A Python script that uses Python libraries, ImageJ, and ImageMagick to automatically convert a scanned PDF with two A4 pages, into a single A3.
The use case is scanned A3 pages used for life-drawing sessions at the Auckland CBD Life Drawing group.
These A3 pages are scanned in a Brother MFCL2720DW Monochrome wireless laser all-in-one printer. Due to the scanner glass size, it is not possible to scan the document in one go.
The A3 page is scanned twice. The first half is scanned facing up, and the second half needs to be scanned rotated 180 degrees. Previously GIMP was used to stitch the images, manually, changing opacity of layers.
OpenCV contains a stitching function, but it is not able to identify enough key points between images, since normally there are two drawings per page, with the mid-area of the drawing quasi-empty.
ImageJ comes with a plug-in for stitching that, when combined with a selection to reduce the search-area, works as well as the manual work flow with GIMP.
Instead of spending between 15 minutes, now the whole process takes less than 10 seconds to copy the files and execute the command line. The program takes between 1 and 2 minutes to process 6 files, creating the final image with color, brightness, and contrast levels adjusted, and an image with the canvas size with equal width and height (useful for social medias like Instagram, for instance).
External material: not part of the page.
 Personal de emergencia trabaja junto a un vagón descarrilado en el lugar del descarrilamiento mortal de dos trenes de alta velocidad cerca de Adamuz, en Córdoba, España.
The Python libraries used are:
The version of ImageJ used is ImageJ 1.53q, for Linux without a JRE. Due to libraries from the Sun namespace, and how ImageJ tries to load JVM libraries, it is necessary to use an Oracle JVM version 8:
kinow@ranma:~/Downloads/Fiji.app$ export PATH=/usr/lib/jvm/java-8-oracle/bin:$PATH
kinow@ranma:~/Downloads/Fiji.app$ ./ImageJ-linux64
Java HotSpot(TM) 64-Bit Server VM warning: ignoring option PermSize=128m; support was removed in 8.0
Java HotSpot(TM) 64-Bit Server VM warning: Using incremental CMS is deprecated and will likely be removed in a future release
And the following version of ImageMagick was used, installed via apt
in Ubuntu 20.04.4 LTS:
kinow@ranma:~/Downloads/Fiji.app$ convert -version
Version: ImageMagick 6.9.10-23 Q16 x86_64 20190101 https://imagemagick.org
Copyright: © 1999-2019 ImageMagick Studio LLC
License: https://imagemagick.org/script/license.php
Features: Cipher DPC Modules OpenMP
Delegates (built-in): bzlib djvu fftw fontconfig freetype jbig jng jpeg lcms lqr ltdl lzma openexr pangocairo png tiff webp wmf x xml zlib
Verify that the JVM, ImageJ, and ImageMagick versions are installed first.
Clone this repository and install the Python dependencies with pip
:
pip install -U pip
pip install -U -r requirements.txt
A virtual environment is recommended.
(venv) kinow@ranma:~/Development/python/workspace/a4-to-a3$ python main.py -h
usage: main.py [-h] [--keep-files] [--debug] IN [IN ...]
Converts a 2-page A4 document into a single page A3, stitching images that overlap.
positional arguments:
IN Input PDF
optional arguments:
-h, --help show this help message and exit
--keep-files Flag to keep intermediary files (left and right pages)
--debug Log debug information
You can pass a single or multiple PDF's. The process flow of the script is the following:
graph TD
A[extract images from PDF] --> B[rotate second page];
B --> C[ImageJ macro stitch pages];
C --> D[adjust brightness/color/contrast levels];
D --> E[resize images];
This repository contains an example from a figure drawing session.
The original input is the file example.pdf
.
The first page extracted from the PDF.
The second page extracted from the PDF, rotated 180 degrees.
The images have been inverted, stitched, inverted again, and saved as a single page.
And another version with same width and height sizes.